- Work required
A word-for-word copy of the data, with no images, is the required answer.

*** Opening of Records for the task ***

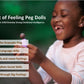 My Felt Story Set Of 12 - Rainbow Wooden Peg Dolls With Emotions | Multicultural Skin Tone Figures | Sensory Autism Toys For Toddlers, Early Education, Social Emotional Therapeutic Learning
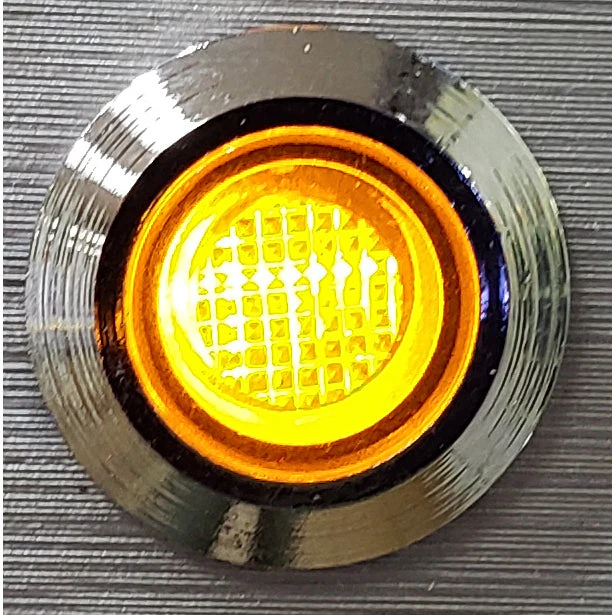 Panel Mount 12V LED Indicator Medium Series - 0.46" (11.8mm) Hole - Image 16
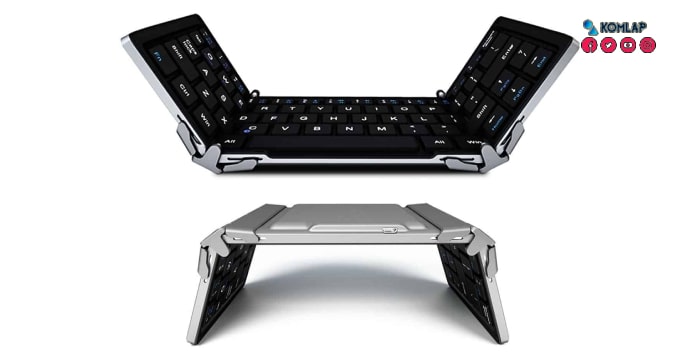 EC Technology Foldable Bluetooth Keyboard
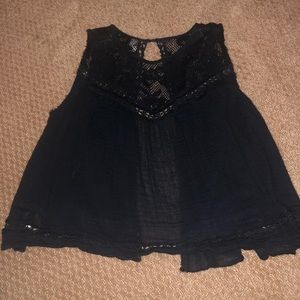 Free people open back flowy top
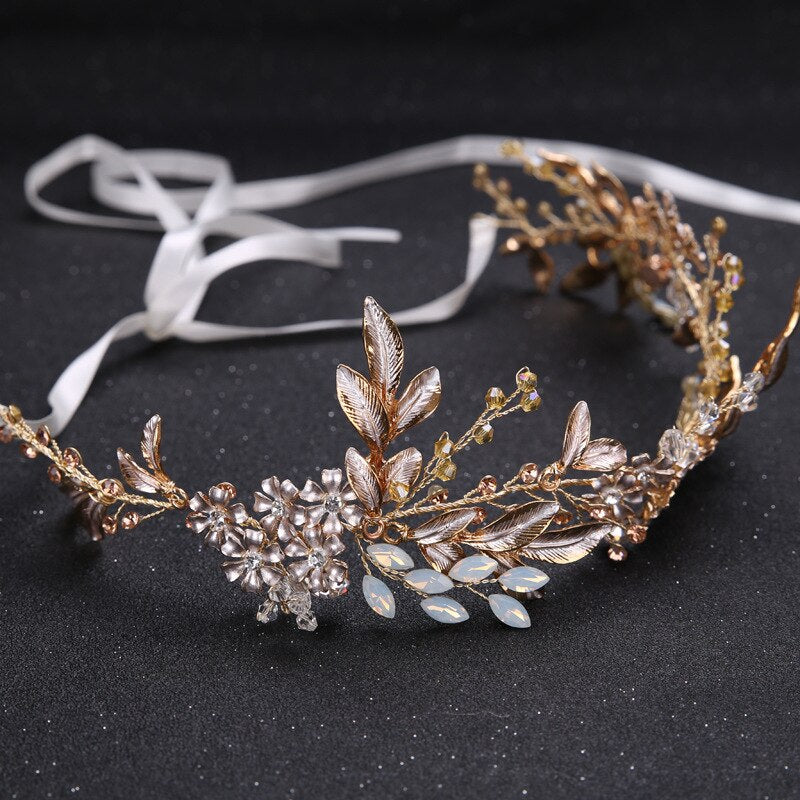 Champagne Eloise Tiara and Hair Comb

*** Close of Records for the task ***

- Answer box
 My Felt Story Set Of 12 - Rainbow Wooden Peg Dolls With Emotions | Multicultural Skin Tone Figures | Sensory Autism Toys For Toddlers, Early Education, Social Emotional Therapeutic Learning
 Panel Mount 12V LED Indicator Medium Series - 0.46" (11.8mm) Hole - Image 16
 EC Technology Foldable Bluetooth Keyboard
 Free people open back flowy top
 Champagne Eloise Tiara and Hair Comb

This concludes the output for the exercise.